[Provided information]

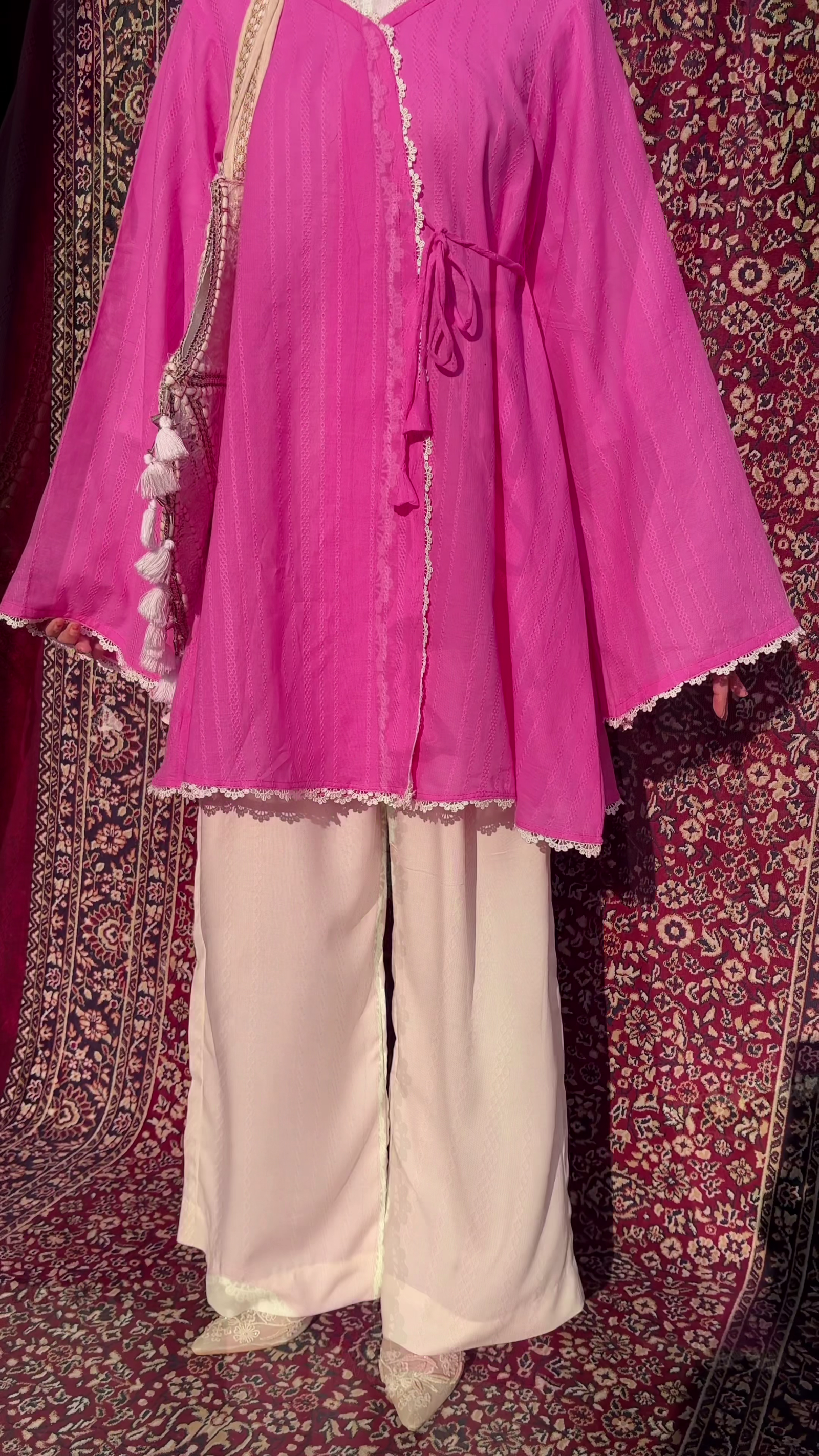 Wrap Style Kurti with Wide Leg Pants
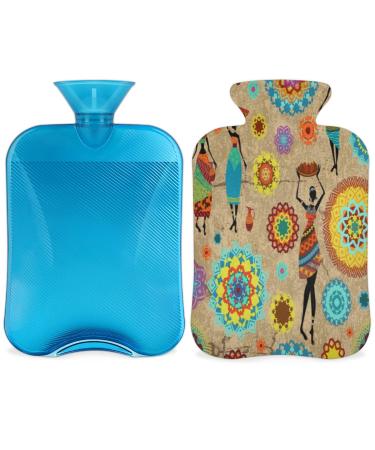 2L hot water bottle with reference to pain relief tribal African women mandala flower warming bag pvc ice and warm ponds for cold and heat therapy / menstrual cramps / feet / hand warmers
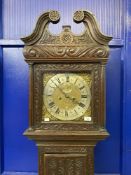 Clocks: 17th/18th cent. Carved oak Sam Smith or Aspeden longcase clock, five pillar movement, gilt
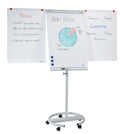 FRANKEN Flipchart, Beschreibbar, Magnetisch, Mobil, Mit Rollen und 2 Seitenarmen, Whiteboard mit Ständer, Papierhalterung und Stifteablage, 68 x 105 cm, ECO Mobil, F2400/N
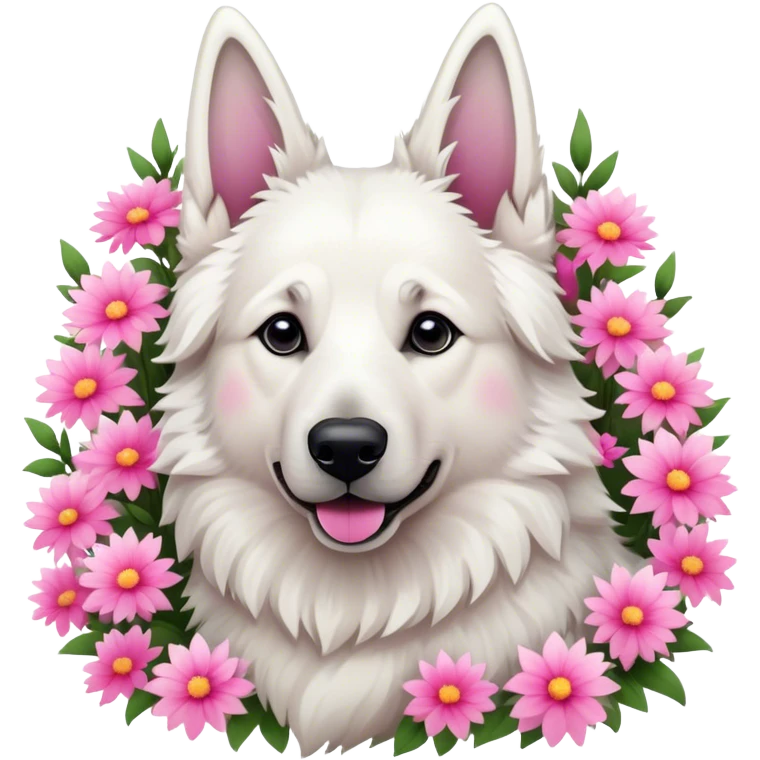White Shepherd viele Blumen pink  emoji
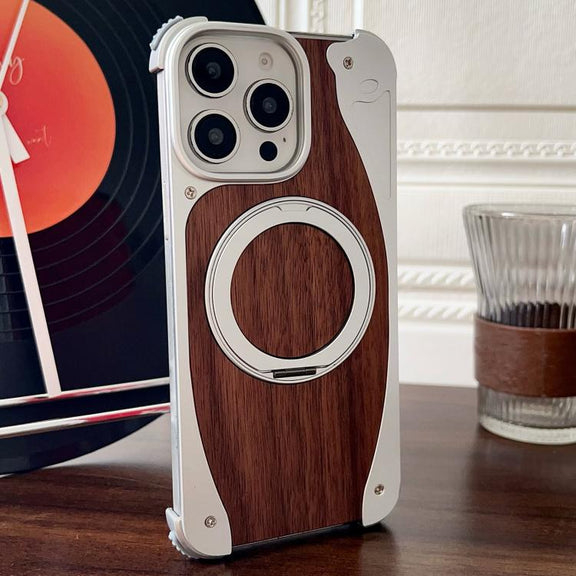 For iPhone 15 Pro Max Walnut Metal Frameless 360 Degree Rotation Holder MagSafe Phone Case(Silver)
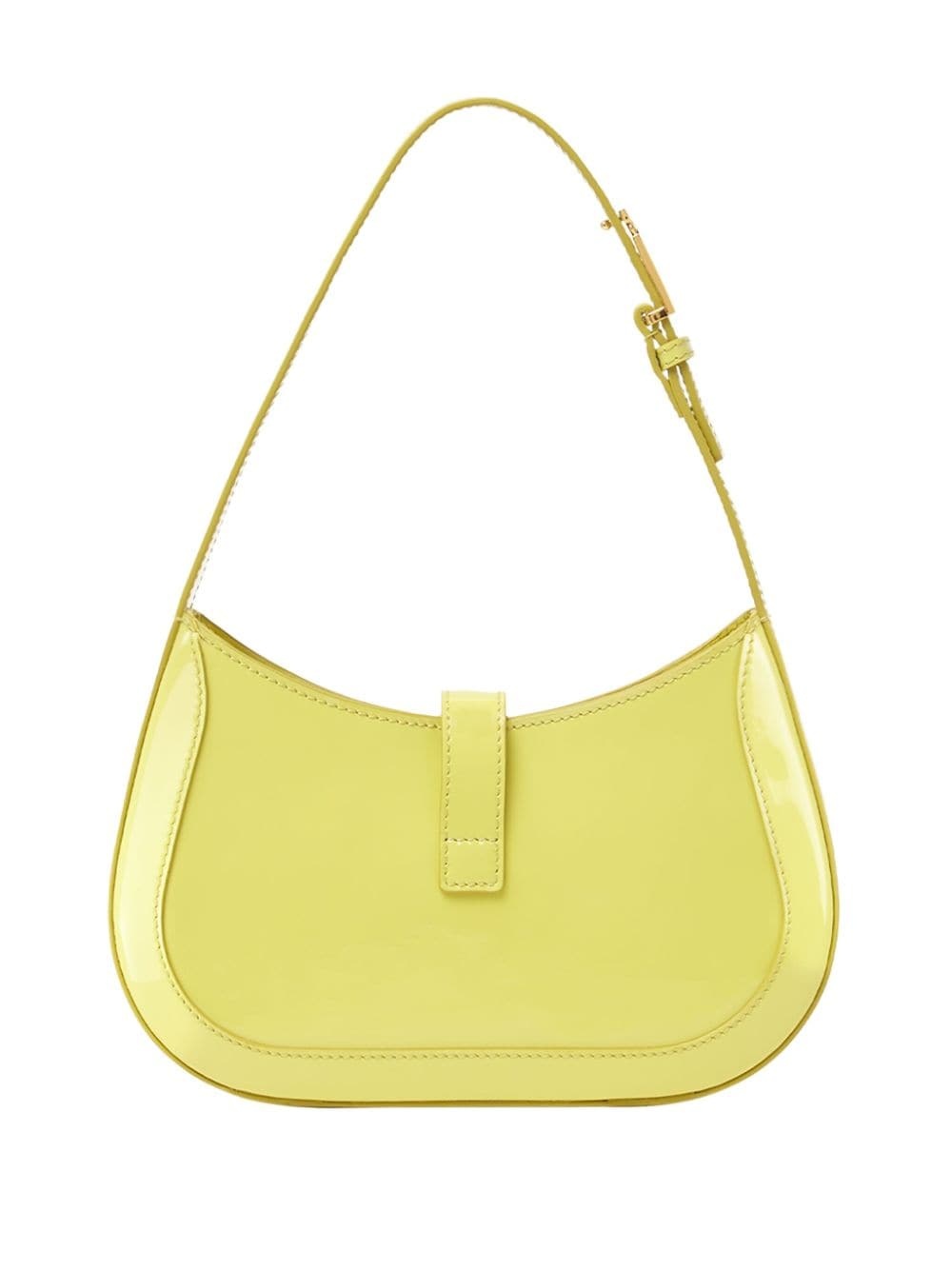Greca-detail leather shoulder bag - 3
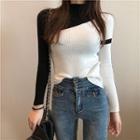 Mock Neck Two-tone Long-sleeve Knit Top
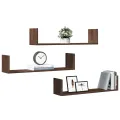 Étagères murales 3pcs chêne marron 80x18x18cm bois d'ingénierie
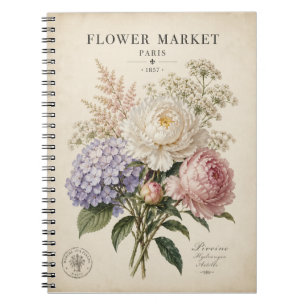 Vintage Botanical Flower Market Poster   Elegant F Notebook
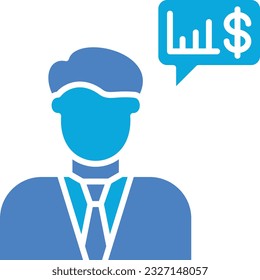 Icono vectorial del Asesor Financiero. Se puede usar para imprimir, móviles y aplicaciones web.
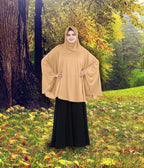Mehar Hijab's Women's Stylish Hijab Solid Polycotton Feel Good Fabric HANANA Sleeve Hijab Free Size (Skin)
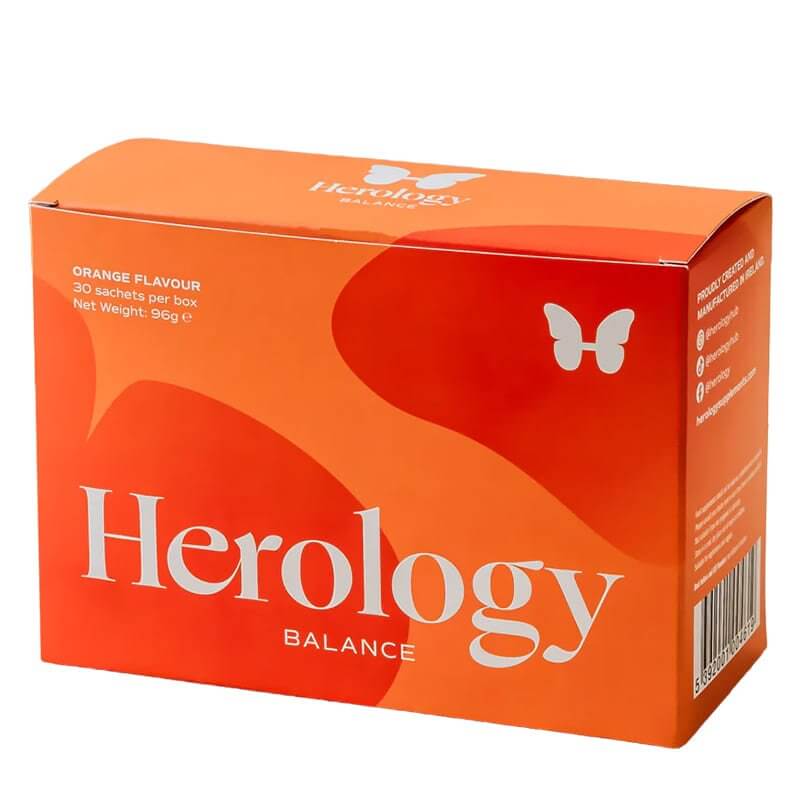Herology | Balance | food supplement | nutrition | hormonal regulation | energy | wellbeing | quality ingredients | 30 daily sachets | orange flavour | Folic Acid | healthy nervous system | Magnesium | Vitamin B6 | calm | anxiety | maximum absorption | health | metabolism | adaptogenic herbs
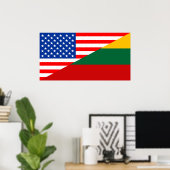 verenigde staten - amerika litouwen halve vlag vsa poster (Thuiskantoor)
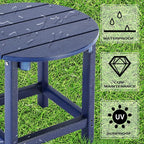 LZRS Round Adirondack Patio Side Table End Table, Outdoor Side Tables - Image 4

[/Provided information]

Prompt -> From the first line of the records through the line containing "Clocks: 17th/18th cent.", please output exactly those lines and nothing more, leaving out the pictures.

Answer section ->
 Wrap Style Kurti with Wide Leg Pants
 2L hot water bottle with reference to pain relief tribal African women mandala flower warming bag pvc ice and warm ponds for cold and heat therapy / menstrual cramps / feet / hand warmers
 Clocks: 17th/18th cent. Carved oak Sam Smith or Aspeden longcase clock, five pillar movement, gilt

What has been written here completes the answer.